In my ideas for The Cauldron design I've always seen an actual cauldron. In The Taiga Tarot version below you are looking down into the cauldron and seeing the wavy web/net/field that I always envision filling it. There's more on XXII and the meanings I've found for it after the design:
Design: The Cauldron is that out of which everything arises, and that to which it all returns, to rise again in new forms. The wavy lines are meant to represent what underlies and connects, and is the source and goal of all creation.

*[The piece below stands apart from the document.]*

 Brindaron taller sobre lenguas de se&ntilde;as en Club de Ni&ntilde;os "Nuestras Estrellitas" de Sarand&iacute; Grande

In Readings: (BTW, I have added XXII to every working deck I have. I use a black marker to print the name and number on one of the end cards that always come with a deck.) The Cauldron says that the situation is very amenable right now to influence on the subtle planes -- via magic, ritual, affirmations, prayer, etc. It can also indicate that a situation can go either way, or that it's not clear yet whether it will even manifest or not. XXII can very gently whisper "patience, patience, patience," things will be clearer in time. Negatively aspected -- though I've found it rarely shows in a negative light -- it can be saying things are hanging by a thread, balanced on a razor's edge, ready to boil over, about to implode, etc. I'd say the over-riding sense I have of this card is that as unclear and uncertain as things may seem, we still can have input. But subtly and with an ear to what is being asked of us and what is trying to come through us. I.e., not just what we want, but how we fit into the much larger picture. It tends to be an encouraging card. The clay has not been shaped, the cloth not yet spun. If we quiet ourselves and act in subtle and responsive ways, a shy and delicate strand of manifestation may come to us.

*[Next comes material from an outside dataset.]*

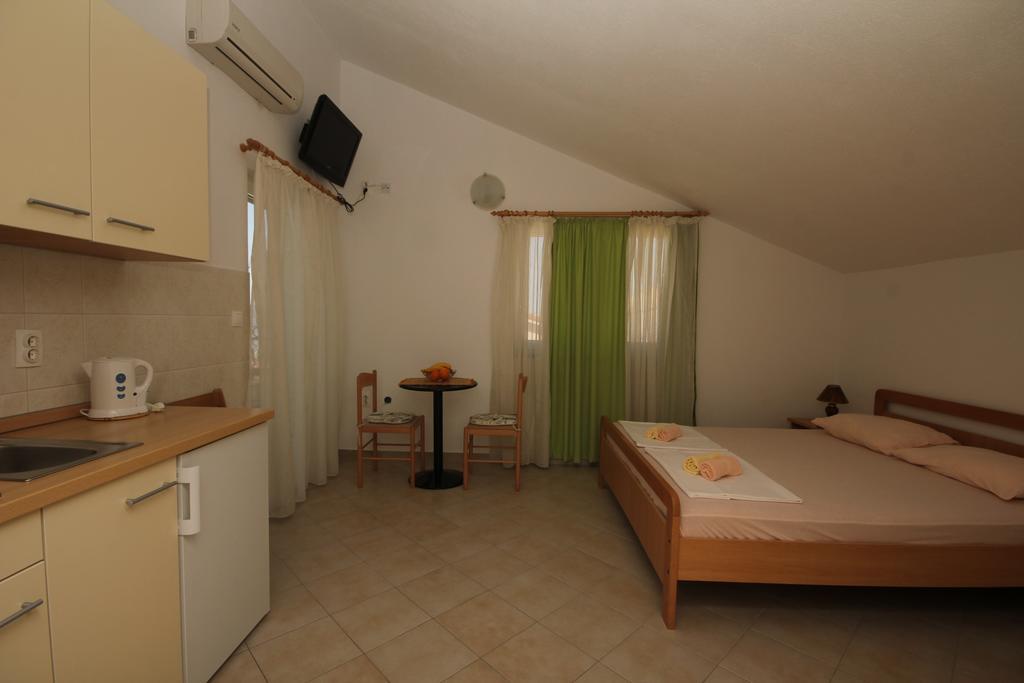 Apartments Adriatika Makarska Habitación foto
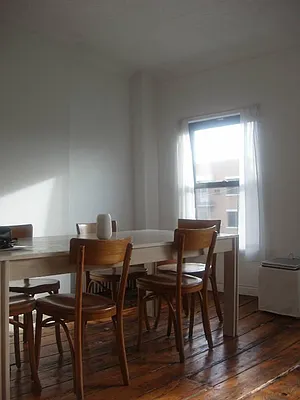 Rented by Brooklyn Bridge | media 20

* BRIEF BACKGROUND ON THE TAIGA TAROT (Click here for additional background on the Taiga Tarot.):
When I decided the name of the deck would be The Taiga Tarot, I liked not only the alliteration but the resemblance of the word “taiga” to “tiger.” One of my power animals is the Siberian Tiger (and by extension, all tigers), which first appeared as three tiger kittens in a dream. What I had completely forgotten at the time was that the area of Siberia in which the tiger ranges is called “The Taiga”!

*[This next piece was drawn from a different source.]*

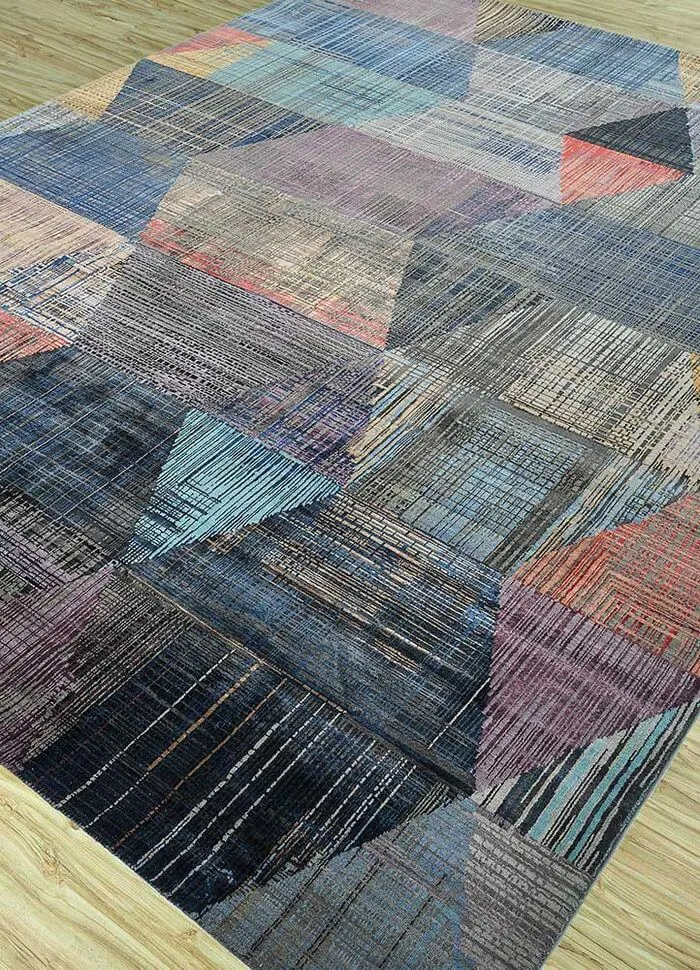 Handgeknüpfter, indischer Designerteppich aus Schurwolle und Bambusseide, mehrfarbig, Schrägansicht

A “taiga” (briefly put) is an illustrated tanka. A “tanka” is a mood poem written in five lines, that usually references natural images and human emotions. Also, there is often a contrast or conclusion or response in the last two lines to the first three. I recognize that the tanka/taiga I’m developing for The Taiga Tarot are non-traditional. As with the dream haiku I write, I am not only attempting to bridge two things – with this deck, Tarot and taiga – but also bringing my own experimental slant to it all.